DIRECTIONS: Go through the records and copy each line where the string "Apartment" occurs.

+ + + + +

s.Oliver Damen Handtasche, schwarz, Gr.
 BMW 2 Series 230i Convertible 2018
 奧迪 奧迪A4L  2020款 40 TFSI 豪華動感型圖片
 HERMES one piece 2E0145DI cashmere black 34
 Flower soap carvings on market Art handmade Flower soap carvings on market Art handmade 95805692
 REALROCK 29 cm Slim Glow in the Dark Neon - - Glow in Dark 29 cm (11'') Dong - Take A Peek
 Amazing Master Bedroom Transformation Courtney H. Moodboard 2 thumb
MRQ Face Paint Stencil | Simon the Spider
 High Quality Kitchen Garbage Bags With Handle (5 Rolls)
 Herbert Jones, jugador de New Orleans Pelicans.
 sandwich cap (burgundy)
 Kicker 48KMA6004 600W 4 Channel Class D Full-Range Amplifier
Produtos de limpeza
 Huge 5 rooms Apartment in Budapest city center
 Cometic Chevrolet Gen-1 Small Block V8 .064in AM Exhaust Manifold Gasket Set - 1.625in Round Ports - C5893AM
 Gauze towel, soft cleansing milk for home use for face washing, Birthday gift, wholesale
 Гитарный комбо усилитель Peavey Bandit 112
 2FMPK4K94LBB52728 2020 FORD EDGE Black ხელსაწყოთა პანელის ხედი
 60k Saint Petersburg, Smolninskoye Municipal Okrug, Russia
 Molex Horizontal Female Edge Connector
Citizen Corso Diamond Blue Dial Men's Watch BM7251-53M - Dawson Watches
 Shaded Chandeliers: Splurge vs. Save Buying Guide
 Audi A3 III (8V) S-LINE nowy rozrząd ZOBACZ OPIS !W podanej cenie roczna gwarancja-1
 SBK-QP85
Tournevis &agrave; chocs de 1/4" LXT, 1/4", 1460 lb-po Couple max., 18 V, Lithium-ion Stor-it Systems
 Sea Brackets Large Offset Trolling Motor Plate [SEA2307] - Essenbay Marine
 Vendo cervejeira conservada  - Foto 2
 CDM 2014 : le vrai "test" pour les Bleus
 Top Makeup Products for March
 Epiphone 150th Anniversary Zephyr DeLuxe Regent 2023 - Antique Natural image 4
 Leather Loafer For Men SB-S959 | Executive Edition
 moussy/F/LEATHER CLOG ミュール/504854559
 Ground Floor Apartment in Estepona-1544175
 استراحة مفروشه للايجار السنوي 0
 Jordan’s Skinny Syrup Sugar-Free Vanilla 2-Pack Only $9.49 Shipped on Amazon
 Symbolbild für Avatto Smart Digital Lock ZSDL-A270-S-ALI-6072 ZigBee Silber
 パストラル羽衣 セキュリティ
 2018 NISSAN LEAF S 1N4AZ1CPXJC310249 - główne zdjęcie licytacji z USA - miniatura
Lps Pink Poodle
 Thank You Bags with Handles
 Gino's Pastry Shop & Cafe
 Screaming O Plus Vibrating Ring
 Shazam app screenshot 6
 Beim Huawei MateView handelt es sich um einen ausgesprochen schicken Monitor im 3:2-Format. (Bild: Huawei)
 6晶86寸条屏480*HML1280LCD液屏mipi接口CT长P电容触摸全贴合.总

+ + + + +

SOLUTION FOR THIS PROBLEM:
 Huge 5 rooms Apartment in Budapest city center
 Ground Floor Apartment in Estepona-1544175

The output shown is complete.